Work instruction: When you return the data, keep every word exact and include none of the images.
[Opening Dataset content section]
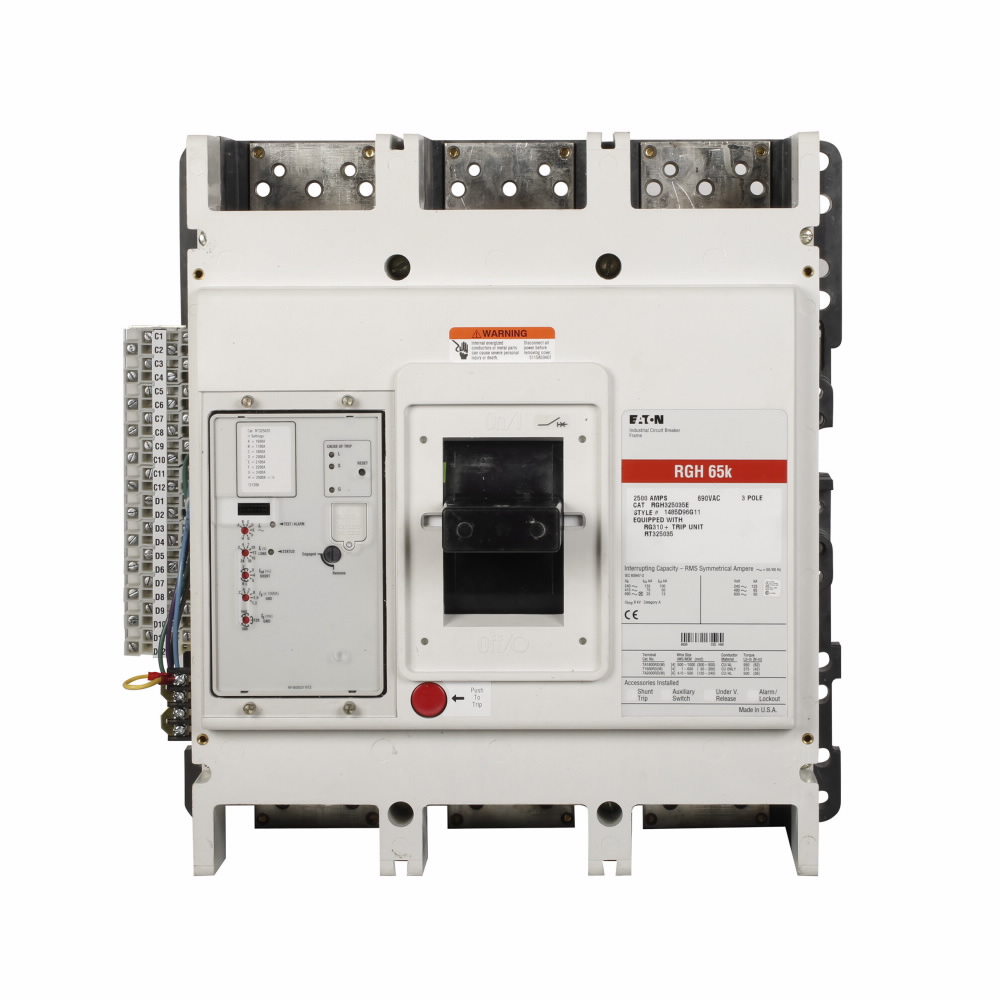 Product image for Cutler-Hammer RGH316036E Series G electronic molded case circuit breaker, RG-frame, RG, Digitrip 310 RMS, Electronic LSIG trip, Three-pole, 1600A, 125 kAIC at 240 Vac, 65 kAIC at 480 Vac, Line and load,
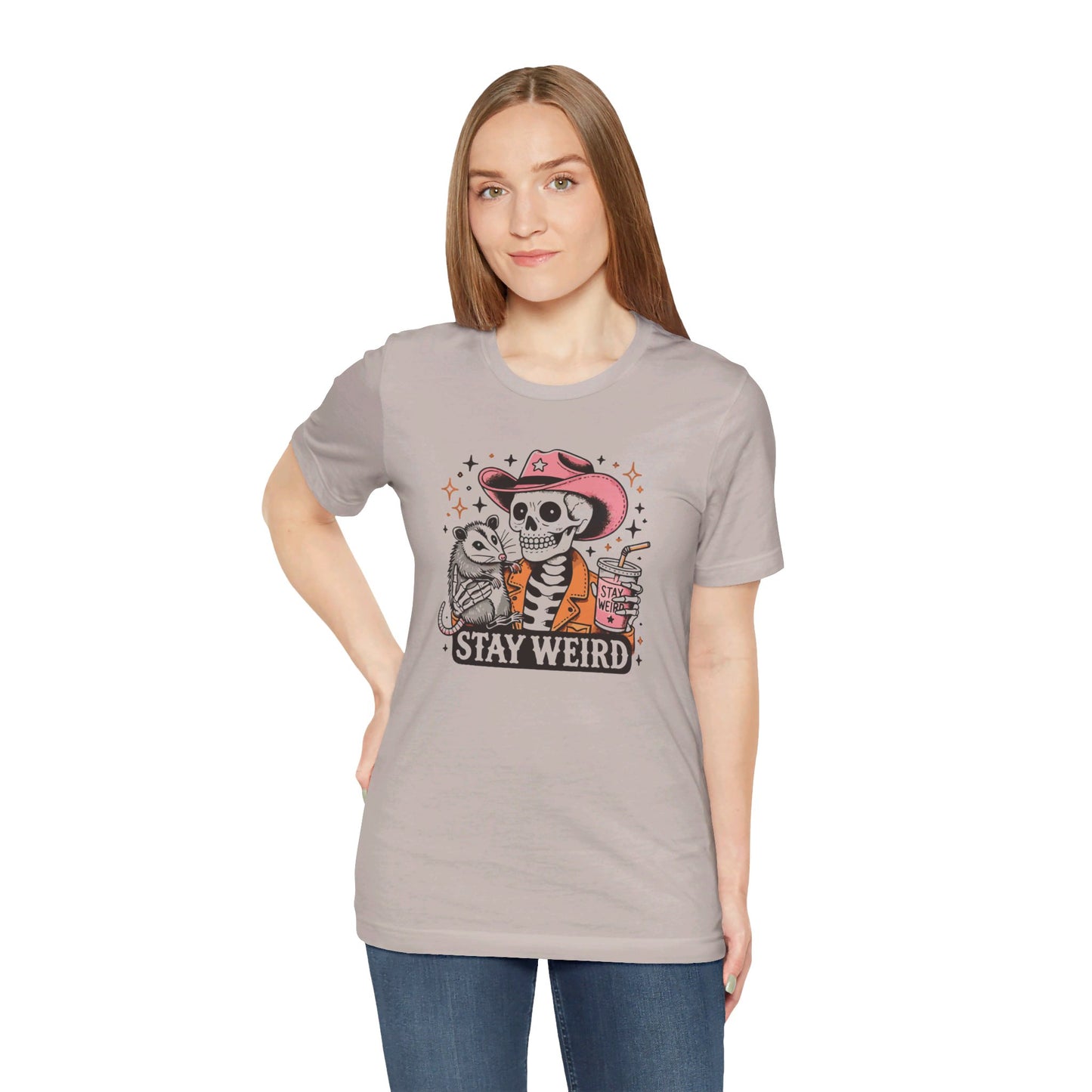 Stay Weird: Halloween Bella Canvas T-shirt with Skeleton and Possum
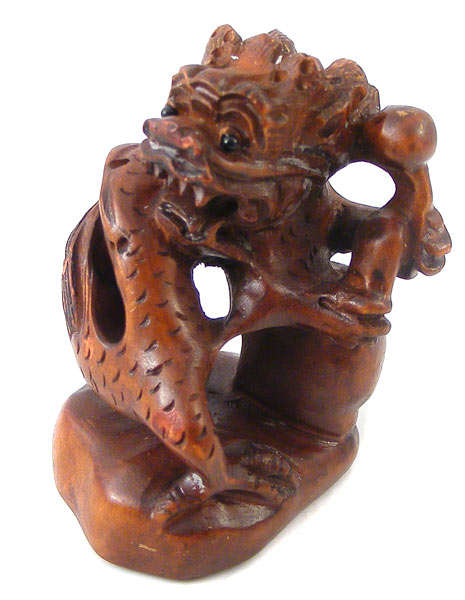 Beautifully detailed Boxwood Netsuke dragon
[Closing Dataset content section]
Solution to this exercise:
 Product image for Cutler-Hammer RGH316036E Series G electronic molded case circuit breaker, RG-frame, RG, Digitrip 310 RMS, Electronic LSIG trip, Three-pole, 1600A, 125 kAIC at 240 Vac, 65 kAIC at 480 Vac, Line and load,
 Stay Weird: Halloween Bella Canvas T-shirt with Skeleton and Possum
 Beautifully detailed Boxwood Netsuke dragon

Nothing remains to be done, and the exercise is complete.